Lios Freistosstreffer habe ich heute unter Zeugen vorhergesagt, wie es mir einstmals bei Rainer Bonhof im Düsseldorfer Rheinstadion gelang: “Oben links” sagte ich damals. So war es auch heute; “seine Freistösse sind mit höherer Wahrscheinlichkeit drin, als seine Elfer – angesichts von Messi lieber erst im Strafraum foulen, niemals davor! Beim Elfer ist er zu lässig, beim Freistoss sind Konzentration und Ballgefühl auf dem höchsten Stand. In der Kneipe meinten einige, der Torwart habe “nicht so gut ausgesehen”, aber nur bis zur Zeitlupe. Wer das meint, möge sich selber mal da hinstellen. Messis Mitspieler malochen was ihr Körper hergibt, weil sie wissen, dass sie nur mit ihm so hochkommen können, wie sie jetzt fliegen. Schwimmübungen der Abwehr sind zu verschmerzen, ausser für die stressgeplagten Fans. Hinter der Abwehr steht, fliegt und fängt der von Uwe Kamps ausgebildete Marc André ter Stegen. Und nach 30-45-minütigen Schaffenspausen können sie jederzeit wieder aufdrehen, wenn die Lust am Spielen sie überwältigt.

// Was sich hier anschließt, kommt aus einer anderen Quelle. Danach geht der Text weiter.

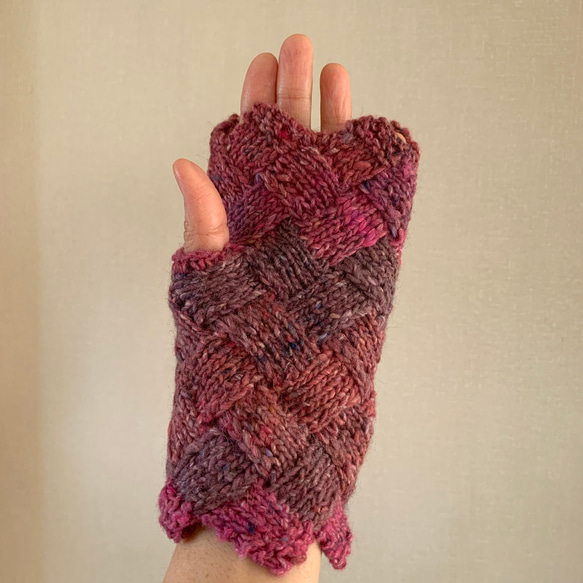 手編みニット手袋　指なし　ハンドウォーマー　アームウォーマー ボルドーピンクMIX　バスケット編み　女性用 4枚目の画像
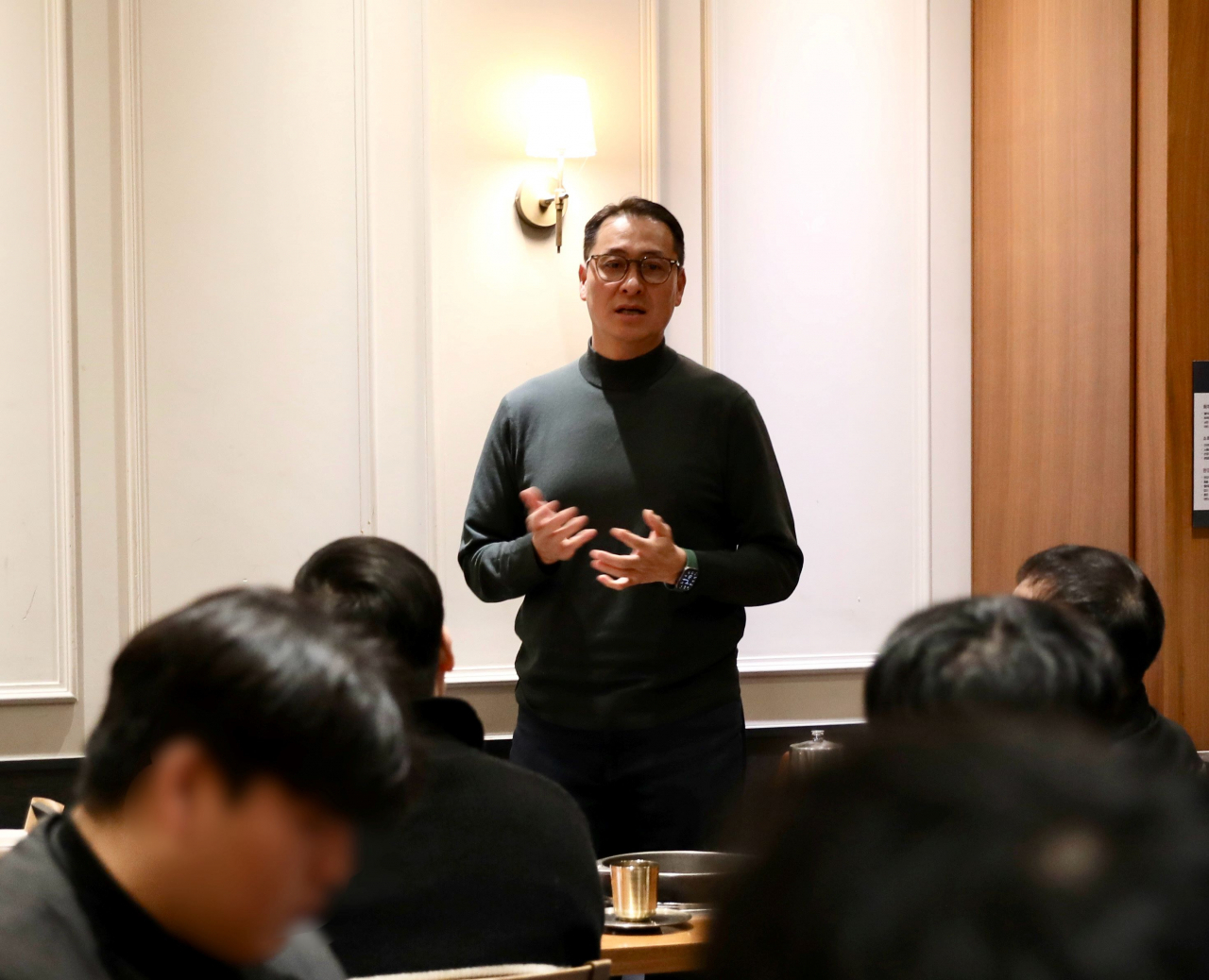송호섭 bhc치킨 대표이사가 간담회에 참석한 수도권 가맹점주들에게 운영 계획을 전하고 있다. [bhc치킨 제공]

Für den FC Liverpool wäre in diesem Halbfinale des Europacups der Meister und Uefa-Grossmächte mehr drin gewesen. Erstaunliche Bewegungsfreiheit im Barca-Strafraum, aber oft passte der letzte Pass nicht, und nur der bewegliche und selbstbewusste Mohamed Salah traute sich Schussversuche aufs Tor zu. Bei dieser Chancenverwertung von 0 wäre bei mehr Ehrgeiz von Barca in der Schlussphase auch eine Demütigung möglich gewesen. 3:0, kein Auswärtstor.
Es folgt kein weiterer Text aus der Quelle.